BROOKLYN, N.Y.—This week saw a fairly even mix of consumption among various artistic disciplines—just the way I like it!

Moonrise Kingdom (2012)


Moonrise Kingdom (2012, Wes Anderson), seen at Regal Union Square Stadium 14 in New York
As someone who has always wanted to love Wes Anderson's films and have always found myself frustrated by how little I connected with them emotionally, I was stunned to find myself getting thoroughly into his latest film from the first frame onward. Oh, it's still a Wes Anderson film through and through, with its storybook colors (courtesy of his usual cinematographer Robert Yeoman), extravagantly packed mise-en-scène, deadpan sense of humor and deliberate archness.
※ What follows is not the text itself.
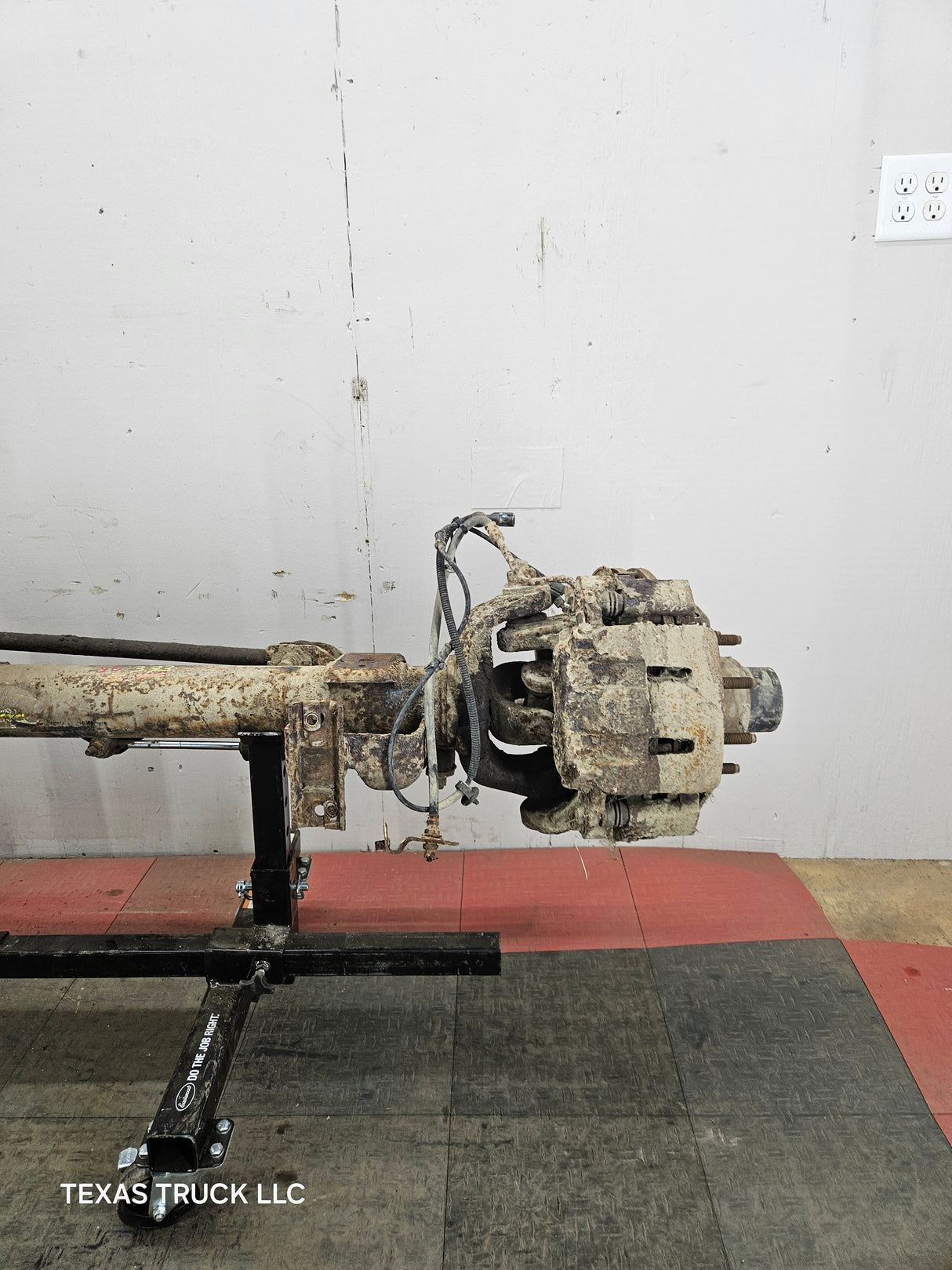 1999-2004 Ford Super Duty F250 F350 SRW Front Axle 3.73 Gear Ratio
Maybe Anderson so completely identifies with the two kids at the heart of this film—troubled children who run away from home (a literal one in Suzy's case, a figurative one for the technically homeless and parentless Sam) and get into a Pierrot le fou-style adventure yarn—that I found myself likewise getting invested in their adventures, while taking note of the sense of adult disappointment that always hovers around the margins. Maybe kids, not animated foxes (as in his last picture, the stop-motion-animated Fantastic Mr. Fox), really suit him best. His style could be said to exude a genuine sense of childlike play—not always fitting for films about adult compromises, as most of his other films have been about, but just about perfect for this particular tale.

Of course, if you're New Yorker film critic Richard Brody, then you'll think there's something wrong with me for loving Moonrise Kingdom more than his other films. Well, uh, mea culpa, I guess? (Read these tweets and decide for yourself.)

Alps (2011, Yorgos Lanthimos), seen at home in Brooklyn, N.Y. [second viewing]
I recently interviewed Lanthimos for an upcoming Wall Street Journal Speakeasy blog post (as the film comes out here in the U.S. in July, it'll be a while before it's published), so I decided to reacquaint myself with a film toward which I had mixed feelings when I saw it at Toronto International Film Festival last year, but which tilted toward positive upon further reflection. Or, at least, I thought it did. Now that I've seen it a second time, though, I'm still not convinced that the film's cosmic detachment suits this film's more open physical and emotional landscape as well as it did with the inherently closed system of Lanthimos's last film, Dogtooth. As Fernando F. Croce wrote about No Country for Old Men back in 2007, Alps is "all theme and no life;" it's unsettling, but perhaps not in the way Lanthimos intended.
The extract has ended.